First, the charge current going into a battery must be at a voltage higher than the battery's at rest voltage, but not too much higher or the electrolyte will be overheated and evaporate.

Using the same (pretend) PV panel and battery for purposes of illustration: 24 volt panel output at 10 amps with a 12 volt battery. The battery will need 14 volts coming into it for charging. (actually more like 14.4, but this is a simplified example).

It also helps to know that Volts x Amps = Watts and that Watts are the amount of energy.
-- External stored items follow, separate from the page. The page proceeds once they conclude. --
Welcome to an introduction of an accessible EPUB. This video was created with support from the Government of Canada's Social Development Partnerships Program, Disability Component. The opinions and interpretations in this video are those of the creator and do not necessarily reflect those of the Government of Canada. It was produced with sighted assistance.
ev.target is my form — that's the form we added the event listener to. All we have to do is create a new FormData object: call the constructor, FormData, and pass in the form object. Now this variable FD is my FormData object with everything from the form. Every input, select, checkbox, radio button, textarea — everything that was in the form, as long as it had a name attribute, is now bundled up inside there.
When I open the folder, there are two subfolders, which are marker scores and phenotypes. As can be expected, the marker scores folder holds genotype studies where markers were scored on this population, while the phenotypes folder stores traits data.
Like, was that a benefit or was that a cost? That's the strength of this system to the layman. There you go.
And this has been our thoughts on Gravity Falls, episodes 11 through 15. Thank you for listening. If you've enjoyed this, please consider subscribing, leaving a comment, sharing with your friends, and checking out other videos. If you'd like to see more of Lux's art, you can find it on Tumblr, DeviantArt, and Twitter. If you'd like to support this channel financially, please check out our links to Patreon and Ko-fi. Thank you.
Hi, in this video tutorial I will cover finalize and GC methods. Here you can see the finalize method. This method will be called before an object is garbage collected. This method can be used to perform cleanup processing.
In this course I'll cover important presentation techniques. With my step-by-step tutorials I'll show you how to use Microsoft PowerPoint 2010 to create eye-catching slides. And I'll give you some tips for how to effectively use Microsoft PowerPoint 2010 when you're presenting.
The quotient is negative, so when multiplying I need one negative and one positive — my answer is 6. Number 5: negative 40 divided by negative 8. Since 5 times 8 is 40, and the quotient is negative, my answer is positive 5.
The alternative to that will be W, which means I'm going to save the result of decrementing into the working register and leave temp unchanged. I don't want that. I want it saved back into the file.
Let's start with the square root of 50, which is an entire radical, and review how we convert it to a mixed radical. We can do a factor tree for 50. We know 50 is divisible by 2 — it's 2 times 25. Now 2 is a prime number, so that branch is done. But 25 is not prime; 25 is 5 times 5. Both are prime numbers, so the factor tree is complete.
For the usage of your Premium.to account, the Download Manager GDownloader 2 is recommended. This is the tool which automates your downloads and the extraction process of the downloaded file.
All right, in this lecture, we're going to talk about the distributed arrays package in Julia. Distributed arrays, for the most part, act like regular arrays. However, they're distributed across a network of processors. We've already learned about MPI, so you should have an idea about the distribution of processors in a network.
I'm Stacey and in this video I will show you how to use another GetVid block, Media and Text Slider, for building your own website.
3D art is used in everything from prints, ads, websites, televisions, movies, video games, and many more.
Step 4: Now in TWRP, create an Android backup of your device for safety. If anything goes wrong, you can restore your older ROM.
The PWM charger takes 14 of the incoming volts and uses them at 10 amps to charge the battery. 10 amps x 14 volts = 140 watts going into battery. The unused volts and their amps are wasted as heat. 100 watts wasted.

The MPPT charger first looks at the battery voltage; 12, and decides it needs to output 14 volts to charge. The MPPT charger then converts the 24 volts to 14 volts. (24 volts x 10 amps = 240 watts) So the 240 watts of energy is changed to 14 volts.... (Watts/ Volts = Amps)....(240 watts divided by 14 = 17.14 amps). So the Volts are reduced and the Amps increase. Yes, there are internal conversion losses but for now we will ignore that. The MPPT charger outputs 17 Amps instead of 10, a big gain of energy going into the battery.

FYI, an MPPT charger is not 100% efficient. The efficiency rate also varies with the difference between the voltage from the PV panels and the voltage output to batteries. To complicate things as the voltage difference increases the efficiency rate falls. So a PV array that supplies 120 volts to an MPPT charger used on a 12 volt battery bank will be a little less efficient thatn an array wired to supply 50 volts to the MPPT charger. BUT! there are times when the higher voltage is better, is needed, to reduce losses in the long wires when an PV array is distant from the controller. Such is the life of a PV system designer.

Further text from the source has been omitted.